El polémico tema de la pena de muerte vuelve a la actualidad con el caso del único español que se encuentra en el corredor de la muerte. El caso puntual de Joaquín José Martínez es de por sí confuso, pues el joven ha defendido siempre su inocencia y sus abogados aseguran que el juicio por el que fue condenado a morir estuvo lleno de irregularidades y falta de pruebas. Nadie sabe "quizá sólo él mismo" si Martínez dice la verdad o se aferra a la posibilidad de escapar de una muerte segura aprovechando los vericuetos de la Justicia. Pero es lo de menos.

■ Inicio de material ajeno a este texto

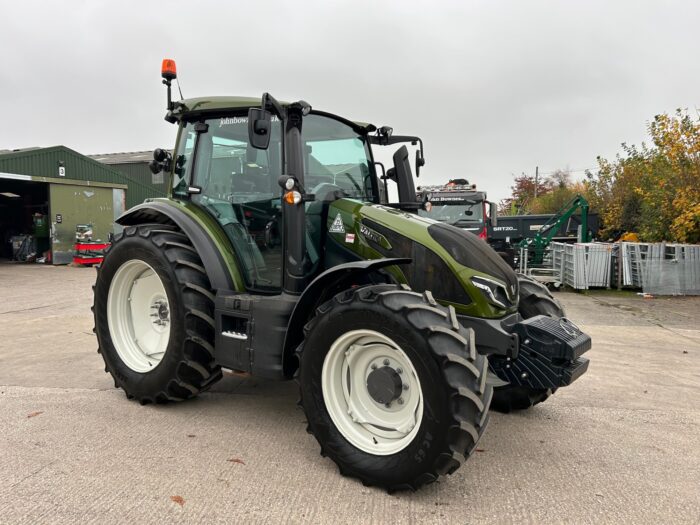 2021 VALTRA G135 ACTIVE (HOURS: 2121) - Image 2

Lo realmente importante es el fondo de la cuestión: la pena de muerte y los métodos que se utilizan para llevarla a cabo. Estados Unidos, gigante abanderado de la pena capital, es uno de los países con más altos índices de delincuencia del mundo, y su sistema carcelario "ya inmenso" no da abasto para acoger más presos, en especial los condenados a largos años de prisión. Tal vez por eso la opinión pública norteamericana es mayoritariamente proclive a defender la pena de muerte. Quizá deberían preguntarse antes por qué su rica sociedad padece esa enorme lacra de la delincuencia en tal altos niveles.

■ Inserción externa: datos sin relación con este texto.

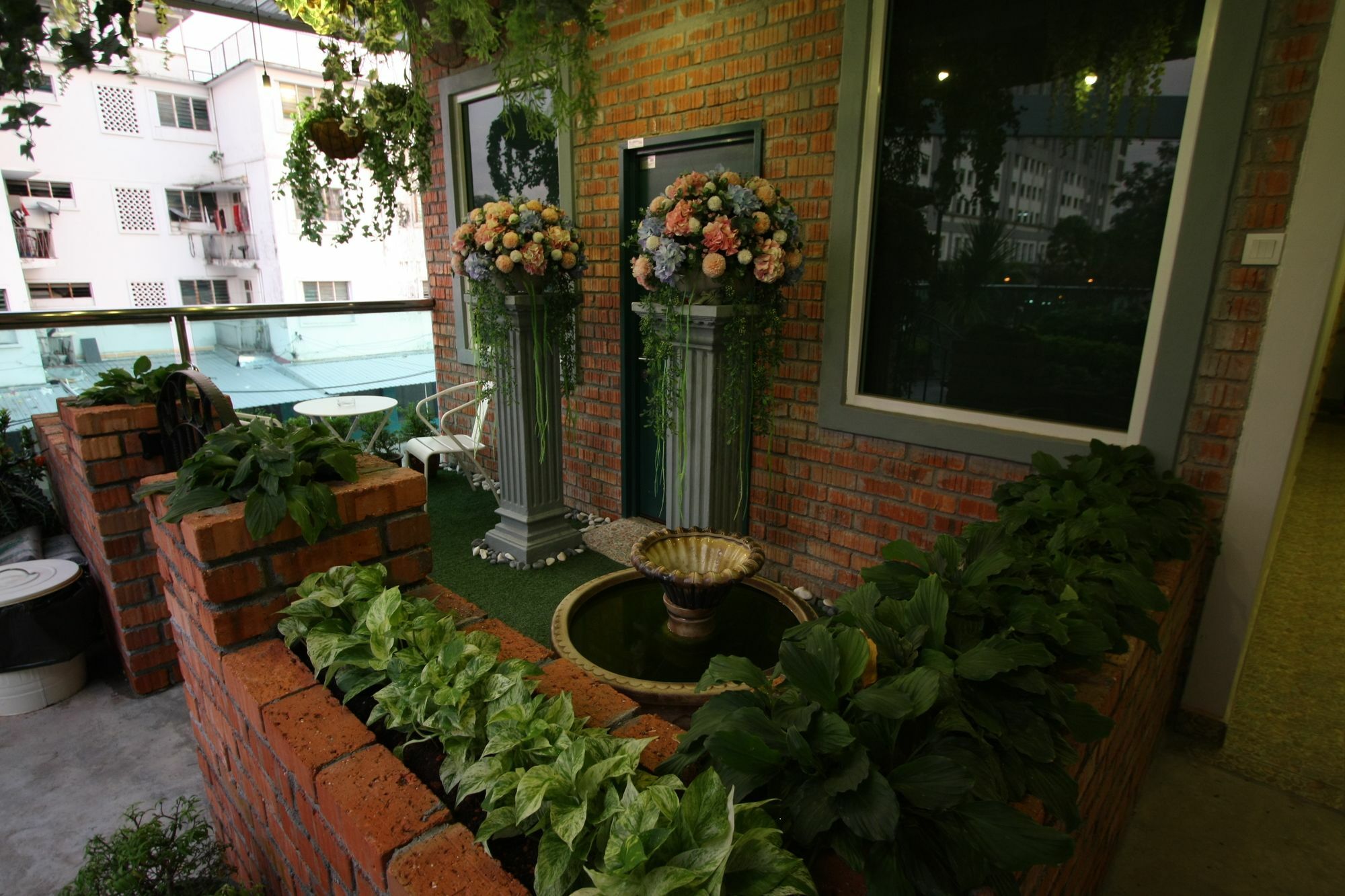 Shamrock Garden Hotel Ipoh Exterior photo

Aquí, en Europa, la pena de muerte se considera "en general" un crimen tan execrable como el que haya podido cometer el desgraciado al que se le aplica. Y por ello se ha desatado una amplia campaña de defensa del joven español condenado en Miami. A priori parece que ni los americanos cambiarán de opinión fácilmente, ni los europeos conseguiremos presionar demasiado para que las cosas cambien al otro lado del Atlántico.

Pero por de pronto parece un buen augurio el hecho de que el Senado norteamericano haya decidido paralizar las ejecuciones en la silla eléctrica para debatir si este método es tan cruel que contradice la Constitución estadounidense. Quizá sea un buen principio.